Ilustración de Alejandra Svriz.

Como muchos otros de mi generación, durante la Transición me hice adicto a la lectura diaria de la prensa para formarme una opinión sobre los asuntos que me concernían como ciudadano. Mis opiniones resultaron en muchos casos erróneas, y he aprendido de mis errores más que de mis aciertos. Pero en los últimos tiempos me he equivocado demasiadas veces como para que sea simplemente una casualidad. Hago recuento.
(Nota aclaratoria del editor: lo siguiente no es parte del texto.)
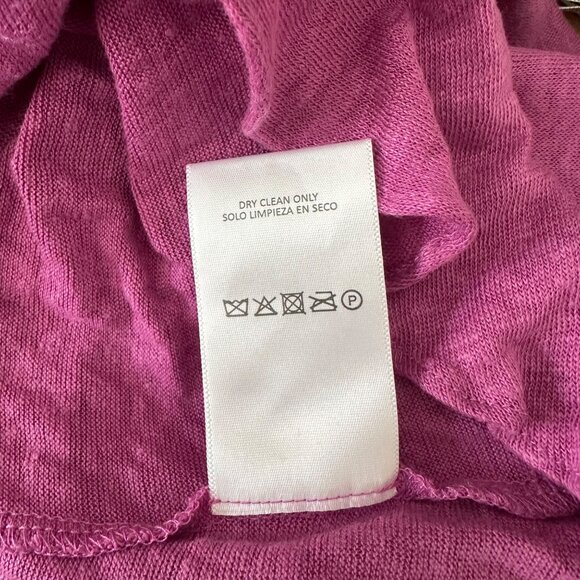 Eri + Ali Linen Blouse Ruffles Sleeves Scoop Neck Cross Back Lightweight Fuchsia - Picture 11 of 11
Estuve convencido de que fracasaría la moción de censura de 2018, anudada con alianzas impresentables y basada en el párrafo viciado (posteriormente anulado por el Tribunal Supremo) de una sentencia judicial redactada alevosamente con ese fin; creí que Podemos nunca tendría más de 12 diputados. También estuve seguro de que los votantes no perdonarían a Sánchez el haber forjado pactos y alianzas que prometió no hacer jamás, de que su electorado le castigaría por pisotear la igualdad ante la ley indultando las fechorías de aquellos cuyos votos necesitaba, y de que su mayor tropelía contra la democracia de derecho, la ley de amnistía, conduciría directamente a una mayoría absoluta del Partido Popular en las siguientes elecciones.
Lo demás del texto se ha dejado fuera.